Я стала засыпать по ночам, перестала воспаленным слухом ловить каждый шорох, больше не вздрагивала от малейшего шороха. Мне перестало мерещиться, что за нами пришли и сейчас арестуют. Мое истерзанное сознание устало всякую ночь проходить один и тот же тягостный путь, и я падала на кровать, как кусок свинца, безразличная, отупевшая — наплевать, что будет, то будет, сил нет больше. И вот как раз тут-то они и пришли.
Ночью внизу стук в дверь, домоправитель отпер подъезд. Громкие голоса. Я вскочила, мгновенно оделась в темноте. Незваные гости уже барабанили в дверь. Никакого гестапо — литовский полицейский, тяжелый, угловатый, неповоротливый, как бревно, и с ним некто в гражданском. Кто такая, национальность, вероисповедание, кто муж, кто дочь? Вошли в комнату. Гретхен на кровати не пошевельнулась. Документы! Паспорт! Свидетельство о крещении! Залезли в шкаф, стали шарить по ящикам стола. Тот в гражданском долго и обстоятельно выводил: муж еврей, дочь коммунистка. На мою младшую, спящую тут же, ни один из них даже не взглянул. Все вопросы, опять вопросы, одни и те же, обо всем, вопросы, вопросы, вопросы, и все пишут, пишут, пишут. Потом встали и ушли.
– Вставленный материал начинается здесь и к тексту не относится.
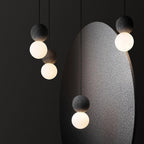 A pair of dark stone pendants with opal glass globes from this Clérachic collection hangs beside a large grey sculptural form.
Что это было? Зачем? Домоправитель говорит, нас уже спрашивали из криминальной полиции. Зачем опять одни и те же вопросы? Почему ночью? Ничего не понять. Но я почему-то не волновалась. Гретхен не спала, она все это время лежала лицом к стене и слышала каждое слово.
Однажды приходит к нам одна женщина: вы мать Мари Хольцман? Я, проходите. Она дрожит от волнения: не найдется ли сигаретки? Пожалуйста, вот, курите. Закурила, немного успокоилась. Она сидела в тюрьме вместе с Мари: в Германии ушла от мужа-немца к еврею, уехала с ним в Каунас и была бесконечно с ним счастлива. Ее камера была рядом с камерой моей дочери. Виделись каждый день, подружились, излили друг другу душу, поведали каждая о своей беде, стали посылать одна другой письма из камеры в камеру.
28 октября обеих заперли в отдельную камеру, и с ними — еще одну еврейку. Не к добру это, забеспокоились. Тюремщица подошла, говорит: «Бедные вы, бедные, теперь уже и я вам ничем помочь не могу». Не спали всю ночь, старались поддержать друг друга, шутить. Наутро их выгнали во двор, а там — полно народу, в основном — евреи. Ну все, конец!
Тут наша гостья, сокамерница моей Мари, увидела знакомого переводчика, что работал в гестапо. Кинулась к нему: помогите! Он вступился, женщину отвели обратно в тюрьму. Моей дочери никто уже не мог помочь. Она лишь просила соседку передать последний поклон матери и сестре, просила сказать, что любит нас всем сердцем [54] .
54
28 октября в каунасском гетто была проведена так называемая «большая акция».